== WHAT YOU ARE ASKED TO DO ==
Should a picture appear anywhere in the data, omit it and copy everything else exactly.

== SOURCE MATERIAL ==
--- START ---

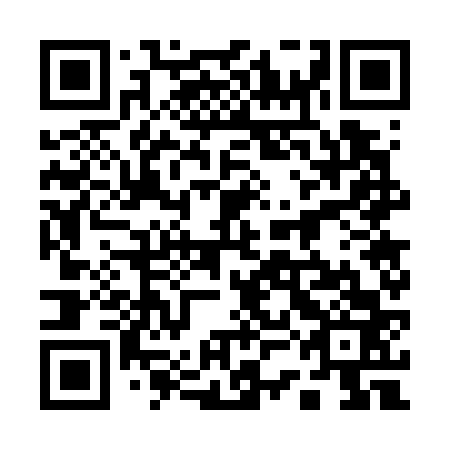 QR code for plate 13G 763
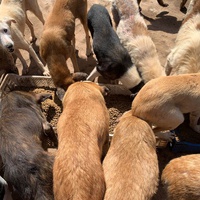 photo de livraison pour ADAN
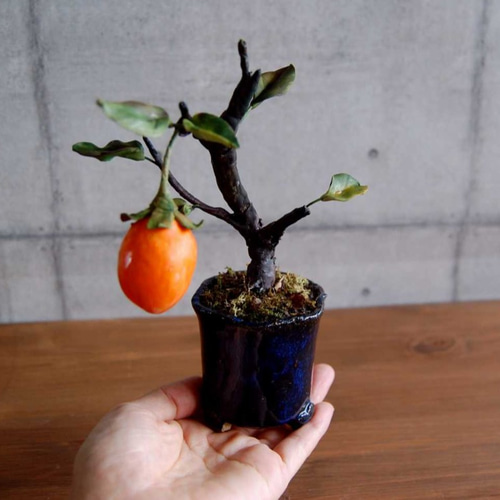 ◇粘土のお花◇ 柿盆栽【ロウヤガキ（老爺柿）】・・・高さ19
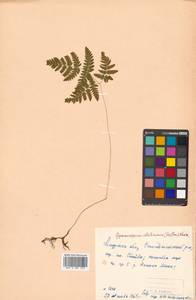 Gymnocarpium robertianum (Hoffm.) Newman, Siberia, Russian Far East (S6) (Russia)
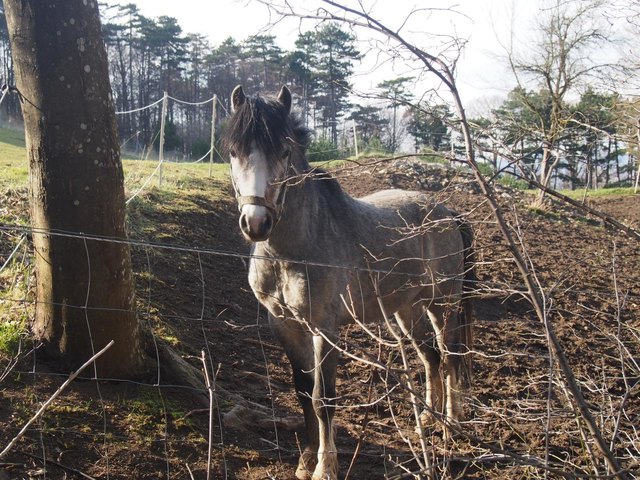 Ein freundliches Pferd in Steinhof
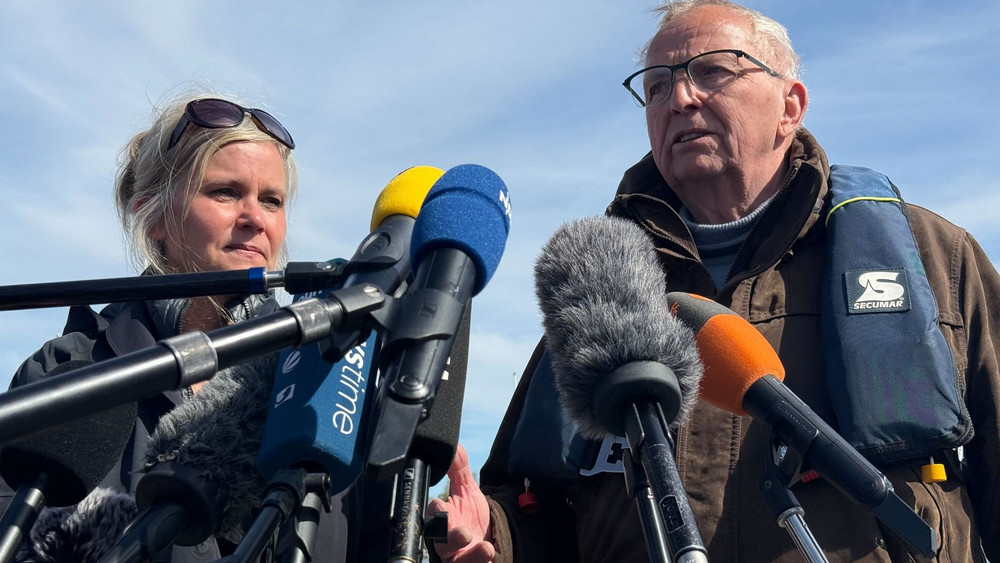 Weitere Entwicklung zum Buckelwal in der Ostsee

--- END ---

== FINISHED TASK ==
 QR code for plate 13G 763
 photo de livraison pour ADAN
 ◇粘土のお花◇ 柿盆栽【ロウヤガキ（老爺柿）】・・・高さ19
 Gymnocarpium robertianum (Hoffm.) Newman, Siberia, Russian Far East (S6) (Russia)
 Ein freundliches Pferd in Steinhof
 Weitere Entwicklung zum Buckelwal in der Ostsee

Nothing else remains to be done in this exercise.